The business income directly acquired by the insurance company with foreign investment through providing the units or individuals in the special economic region with the insurance services shall be exempted from the business tax charging within five years starting from the registration date according to Article 3 of the Circular for the State Council to Adjust the Tax Policy of Financial Insurance Industry (GuoFa  No.5).
III. The issue to charge business tax on RMB transferring loan business
RMB business operated by approved bank of foreign capital shall be carried out according to the Circular of Relevant Issues to Charge Sales tax on Financial Industry (CaiShuiZi  No.79) of the Ministry of Finance and the State Administration of Taxation, i.e. the RMB transferring loan business shall be handled as general loan business, and the total interests income shall be used to charge business tax as turnover. The business among the foreign-capital financial institutions shall not be charged business tax temporarily.

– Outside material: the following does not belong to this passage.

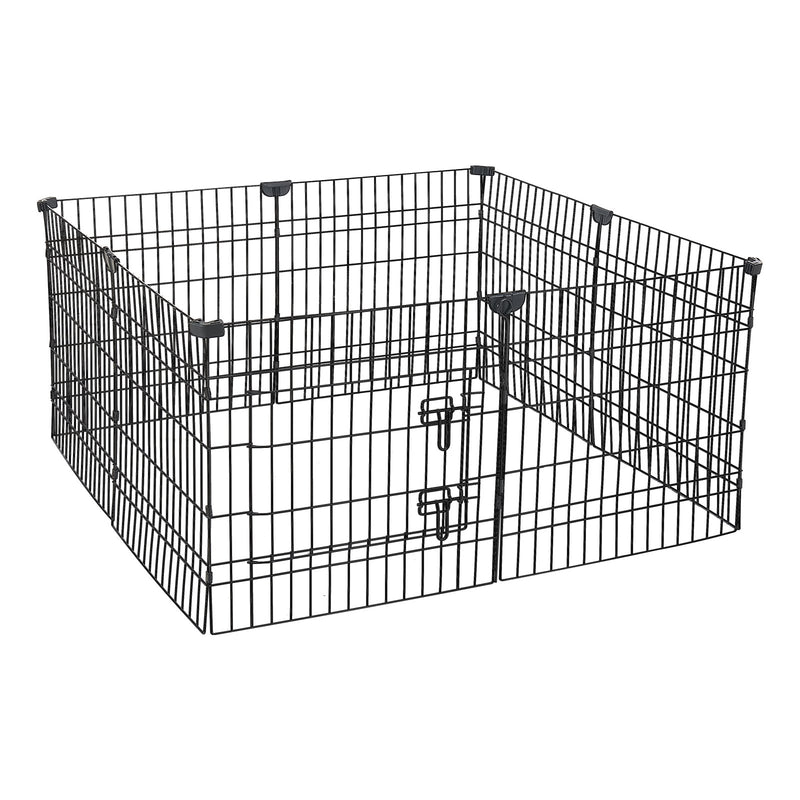 VEVOR suņu voljērs 61 cm, 8 paneļi, 162 × 162 cm, salokāms metāla nožogojums ar durvīm, augšējo pārsegu un ūdensizturīgu apakšējo paliktni, kucēniem, suņiem, kaķiem un maziem dzīvniekiem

IV. The determination of financing and leasehold turnover
Shall be carried out in such way so that the expenditure of lending interests deducted from payable-tax turnover by the foreign-capital financial institution (engaged in financing and leasehold business) shall be only limited to the expenditure of lending interests of foreign exchange in foreign countries, while the expenditure of lending interests of foreign exchange/RMB in China must not deducted, according to Article 2 of the Circular of Relevant Issues to Charge Business Tax on Financial Industry (CaiShuiZi  No.79) and relevant stipulations of the Circular of Relevant Issues to Use Financing Leasehold Business Tax to Calculate the Turnover (CaiShuiZi  No.183) of the Ministry of Finance and the State Administration of Taxation.

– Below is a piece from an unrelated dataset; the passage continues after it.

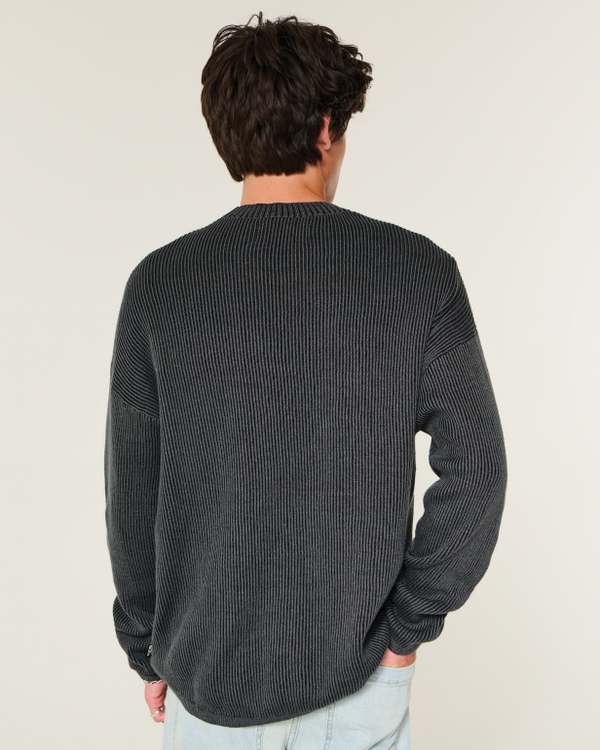Boxy Graphic Crew Sweater, Washed Black view 2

V. When self-holding capital is deposited into the bank in foreign countries and then is lent privately in daily interest rates on short-term, for the case that whether it can be charged business tax as transferring loan business of foreign exchange
Some banks of foreign capital, during the operation, deposit 30% of self-holding capital into the People's Bank according to relevant regulations and the deposit the rest self-holding capital into concerned bank in foreign countries. Those banks loan privately in daily interest rates on short-term when they grant of loans. In above loan, the part of deposition balance of self-holding capital shall not be regarded as the "transferring loan business of foreign exchange" as said in Article 2 of the Circular of Relevant Issues to Charge Business Tax on Financial Industry (Financial tax number: (1995)79), and it has the characteristics as said in Article 20 of the Implementation Rules of Interim Regulations for Business Tax in the People's Republic of China. Therefore, in the case that the bank of foreign capital loans privately in daily interest rates on short-term from concerned banks in foreign countries, the loan equal to the part of deposited self-holding capital shall be charged business tax according to the sum of interests income.
VI. This Circular shall enter into force on August 1, 2000, and the event that has been handled in the aspect of tax affairs before this date may not be adjusted.